No profiling data regarding the habits or consumer choices of the data subject are directly collected. However, it is possible that such information is acquired by autonomous or separate entities through links or by embedding third-party elements. See the section on third-party cookies for details.

Cookies

Like other websites, this site stores cookies on the user’s browser for the transmission of personal information and to enhance their experience. Cookies are small text strings sent to the user’s device (usually the browser) by the websites visited, sometimes with long persistence, and are then retransmitted to the same websites on the next visit. As explained below, it is possible to choose whether and which cookies to accept. Refusing cookies may affect the ability to perform some transactions on the site, the accuracy and suitability of some personalized content, or the ability to recognize the user between visits. If no choice is made, default settings will be applied, and all cookies will be activated; however, decisions can be communicated or modified at any time.

Technical Cookies

Specifically, session cookies are used, which are not permanently stored on the user’s computer and disappear when the browser is closed. Their use is strictly limited to transmitting session identifiers (random numbers generated by the server) necessary for safe and efficient site navigation. These cookies do not allow the collection of personally identifiable information. Analytics cookies are also used to understand how visitors interact with site content, collecting information (geographic and web origin, technology used, language, entry, visited and exit pages, time spent, etc.) and generating site usage statistics without identifying individual visitors. These are considered technical cookies for which consent is not required, and the opt-out mechanism applies. Technical cookies are not shared with third parties as they are necessary or useful for the site’s operation; they are handled only by qualified personnel, administrators, or system managers.

Third-Party Cookies

The site also incorporates cookies and other elements (tags, pixels, etc.) from third parties (autonomous and for which the data controller is not responsible) that may perform profiling activities. Refer to the respective websites for further information:

https://www.google.com/policies/technologies/cookie/
https://www.facebook.com/about/privacy/cookie
http://www.addthis.com/privacy

Data Provided Voluntarily by the User

The optional, explicit, and voluntary submission of emails to addresses indicated on the website results in the acquisition of the sender’s address, necessary to respond to requests, as well as any other personal data included in the email. Similarly, voluntarily submitting forms on the website containing data about the data subject involves processing to fulfill pre-contractual obligations or execute requested services. Such form information may include personal data, contact details, phone numbers, and email addresses of the data subject and identified third parties associated with the website user. Specific summary notices will be progressively provided or displayed on website pages dedicated to particular services upon request.

Payments and Donations

The payment system requires sharing some data with the bank providing the service (Paypal, Banca Sella, etc.). Required data are freely provided by the data subject: some (Name, Surname, Email) are essential; others are optional (notes, reason, etc.). Consent is required to publish the user’s data in the official donor list.

E-commerce

This includes data processed for managing shopping carts, orders, and any registered user profiles, including personal data, addresses, purchase details, notes, and comments. Data may also be processed through delegated third parties (delivery companies, postal services, data entry) for administrative management, participation in loyalty programs, creation of anonymous statistics on purchase behavior, and sending advertising material related to products and offers via email or SMS.

Reservations

Registered users can book appointments for services provided.

Reserved Area

Information (texts, videos, images) uploaded by the user in the reserved area is protected through encryption and authentication systems and is accessible only to authorized users, the data subjects, or intermediaries involved. This information is not disseminated.

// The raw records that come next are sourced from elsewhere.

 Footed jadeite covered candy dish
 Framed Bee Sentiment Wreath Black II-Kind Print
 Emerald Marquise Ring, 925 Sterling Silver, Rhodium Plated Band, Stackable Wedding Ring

PURPOSES AND LEGAL BASES OF PROCESSING

Personal data are used (ref. Art. 6(b) GDPR) to allow site navigation and to execute services or performance requested within the organization’s normal activities. Additionally, personal data may be processed:

• For compliance with legal obligations (Art. 6(c) and 9(b,g,h) GDPR);
• For the establishment, exercise, or defense of legal rights (legitimate interest) (Art. 6(f) and 9(f) GDPR);
• For direct marketing based on the data controller’s legitimate interest (ads, newsletters, logs for cyber-attack prevention), for which the data subject can always refuse consent (Art. 6(f) GDPR);
• For optional purposes requiring explicit consent, such as newsletter subscription, promotional messaging, satisfaction surveys, or sharing data with third parties for marketing (Art. 6(a) GDPR);
• For sensitive data, processing requires explicit consent (Art. 9(a) GDPR);
• For profiling, processing requires consent (Art. 6(a) GDPR).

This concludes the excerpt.